§ SOURCE MATERIAL
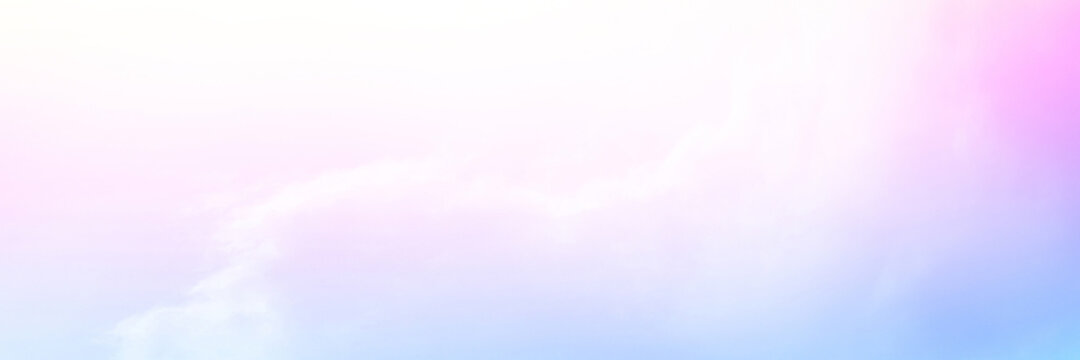 Colorful sky with Soft clouds. Fantasy magical sunny sky pastel background is fluffy white cloud. Freedom wallpaper concept. Sweet color dream.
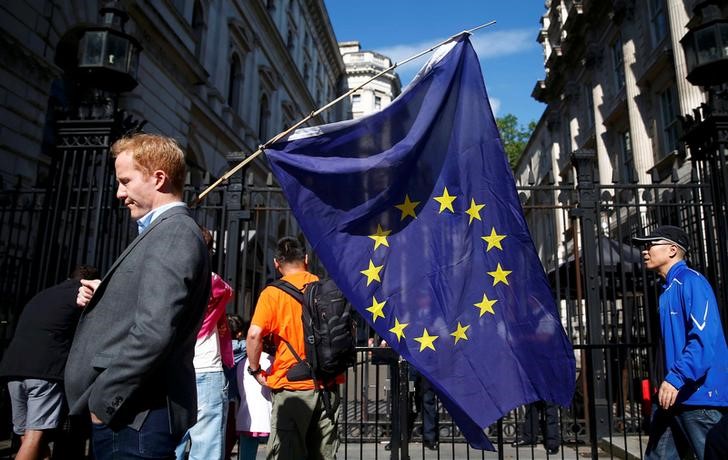 © Reuters. A man carries a EU flag, after Britain voted to leave the European Union, outside Downing Street in London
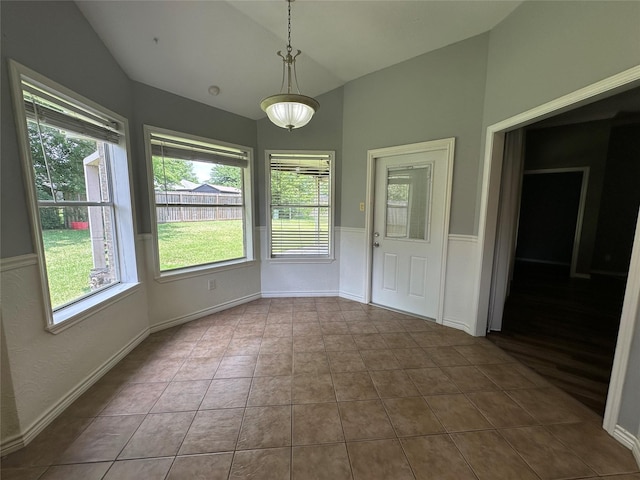 243 Fantasy Ln, Montgomery, TX 77356 - unfurnished dining area with vaulted ceiling and tile patterned floors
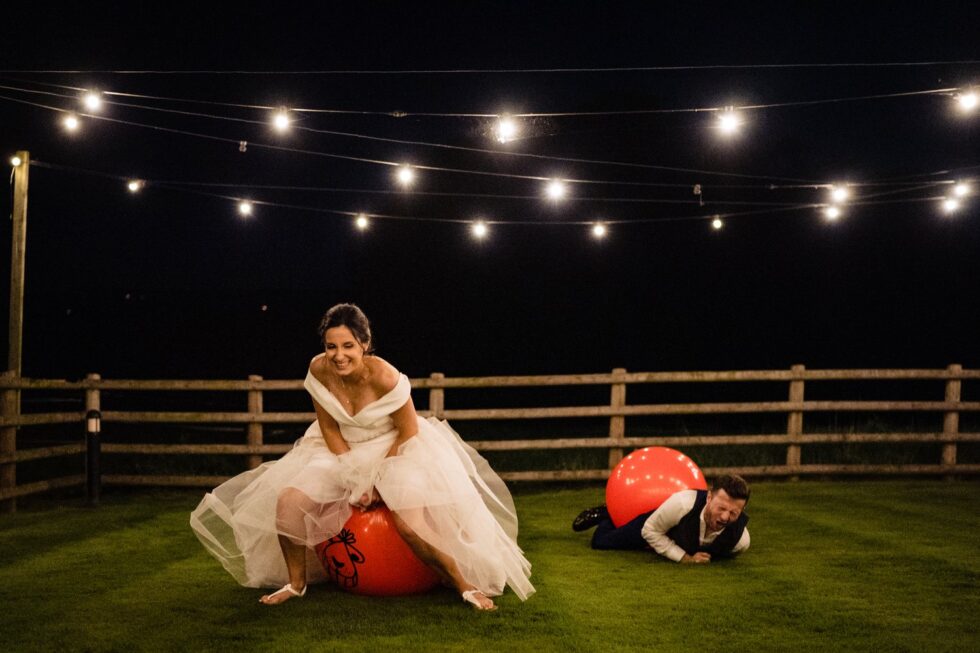 Funny wedding photo: Bride bouncing on hopper ball, groom lies on the grass with a hopper ball. Outdoor wedding reception.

§ WHAT YOU ARE ASKED TO DO
The expected output is exactly the lines from the one containing "Street in London" through the last line of the listing, both included, with every picture left out.

§ RESULT BELOW
 © Reuters. A man carries a EU flag, after Britain voted to leave the European Union, outside Downing Street in London
 243 Fantasy Ln, Montgomery, TX 77356 - unfurnished dining area with vaulted ceiling and tile patterned floors
 Funny wedding photo: Bride bouncing on hopper ball, groom lies on the grass with a hopper ball. Outdoor wedding reception.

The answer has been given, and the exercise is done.